Some sectors of the bourgeoisie were made uncomfortable by the potential instability that Milei’s radical economic policies might provoke. Indeed, to win over the more moderate Caputo, he shelved plans to dollarise the economy, losing the support of his hardline advisors. Likewise, Milei’s decision to pull out of BRICS and pursue a strategic alignment with Washington is a headache for agricultural capitalists who have deepened trade with Brazil and China. On the other hand, the IMF applauded Milei’s measures as “bold” and “far more ambitious”’ than those of his predecessors. 

Milei attacks … the masses respond

Sworn in on the 10 December, Milei’s inauguration speech made clear that “there is no possible alternative to austerity.” On 20 December he made good on these promises and moved ahead with his ‘mega decree’ of changes to over 300 laws, implementing attacks on the right to strike, a labour reform and banning of rent controls. He also brought his ‘omnibus’ law to congress, a package consisting of over 600 new pieces of legislation that form part of Milei’s shock austerity plan. 

On the same day that Milei announced the decree, the masses immediately responded with a cacerolazo: the banging of pots and pans reverberated throughout the working-class neighbourhoods in Buenos Aires and cities across the country. As the economy continued to spiral, Milei was losing support at a rate of 1% per day. The demand for the CGT trade union federation to call a national strike began to circulate and gain traction. Finally, pressure from below forced the trade union leaders to convoke a one day general strike on 24 January. 1.5 million people took part across the country as workers were joined by piqueteros, feminist groups and neighbourhood assemblies. 
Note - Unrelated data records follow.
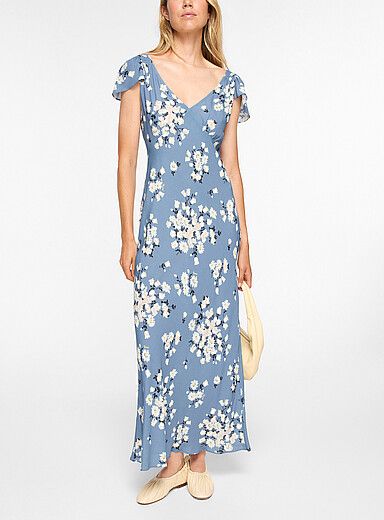 Rixo: La robe maxi bouquet de fleurs Cathy Bleu &agrave; motifs pour femme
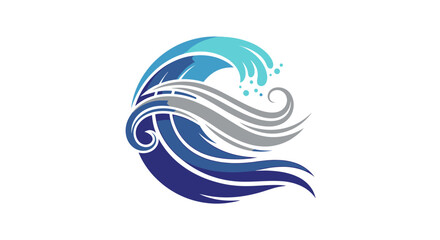 Fototapeta premium Abstract Stylized Ocean Wave in Blue and Grey Tones, Isolated White Background, Water Element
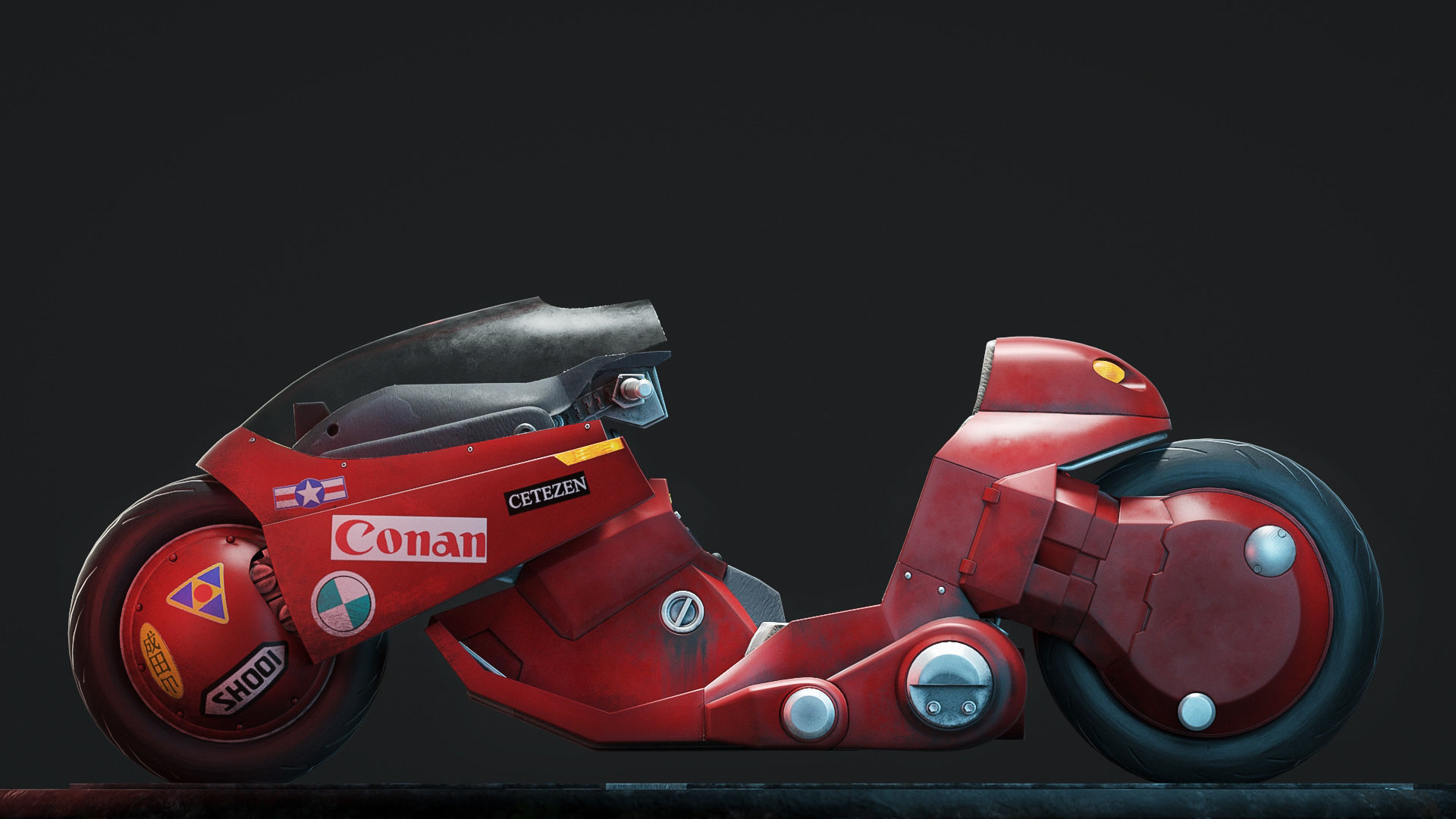 Akira Motorcycle Low-poly 3D model_15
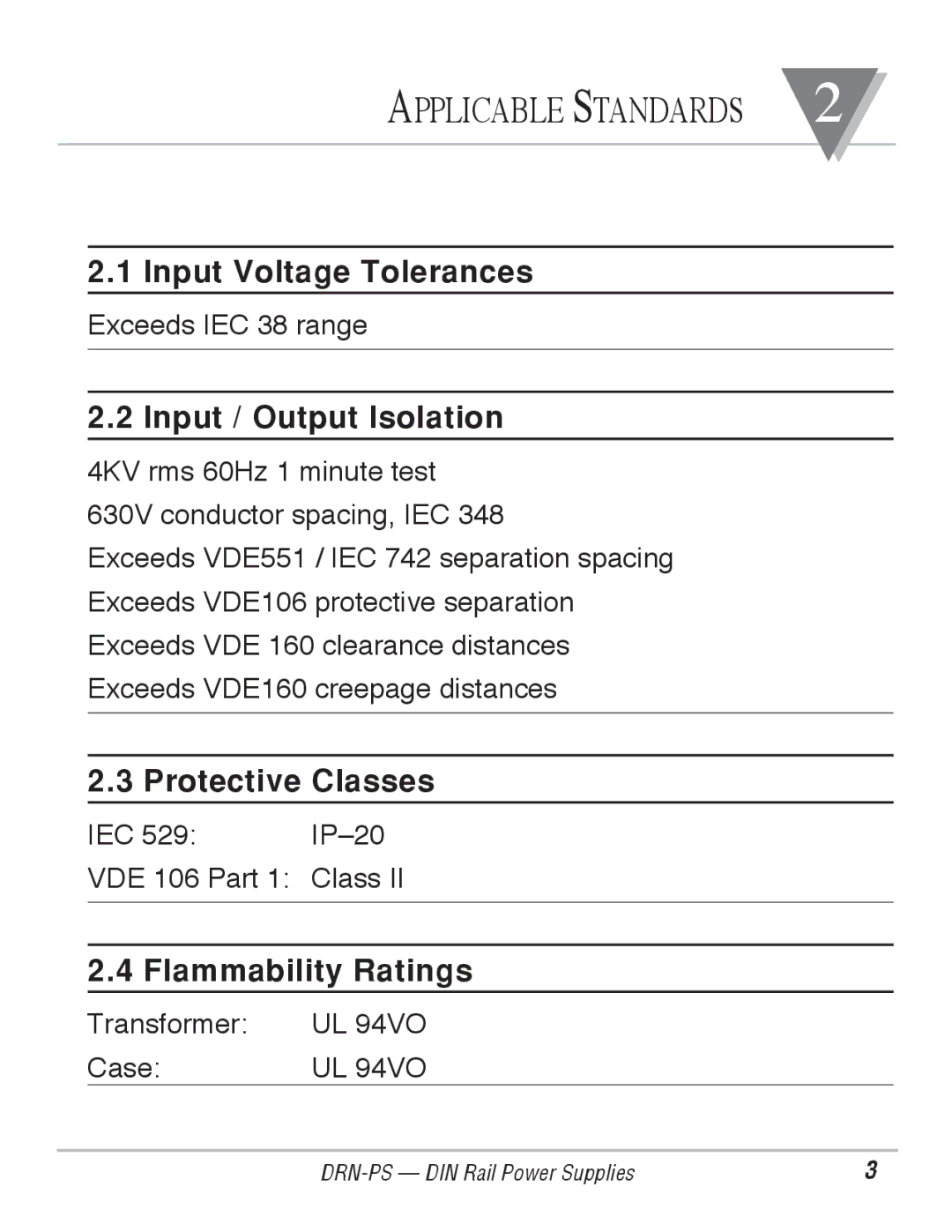 Omega Engineering DRN-PS-750 manual Applicable Standards, Input / Output Isolation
First setback for Milei, but the battle continues

Together with continuous protests, the general strike forced the omnibus bill to be dropped. This is a significant first victory against the government but one that must be consolidated as part of an overall battle plan to defeat Milei. Such a movement must be democratically controlled by the rank and file, and not managed from above by the Peronist parties and trade union bureaucracy. In this way, many working-class Milei supporters can be broken from his influence and their genuine anger channelled into a struggle that really takes on the capitalist elite. 

The Trotskyist left organised in the Workers’ Left Front — Unity (FIT-U) must provide active leadership — it is not enough to have deputies or to participate in struggle. The crisis of Peronism and the sharpening of the class struggle opens up an opportunity to build a political tool of the left that goes beyond mere electoral unity and that serves to offer a political alternative to the crisis with a socialist programme. This must fight to include not just left activists but also the thousands of people who are active in struggle but outside the ranks of the organised left. 

A major opportunity to carry out this task presents itself in these weeks. Following the defeat of the omnibus bill, the attack on abortion rights has been escalated. International Women’s Day will therefore be a crucial day of struggle to resist Milei’s offensive. The feminist assemblies that are being held to prepare for 8M are very large, even involving the participation of some trade unions. But it is necessary for the trade union confederations to call a general strike on 8M to give continuity to the struggle against the government’s austerity measures. ISA Argentina is active in this movement, arguing that this year’s IWD must fulsomely embrace its socialist and working-class traditions as part of the struggle to defeat Milei and the capitalist system that spawned him.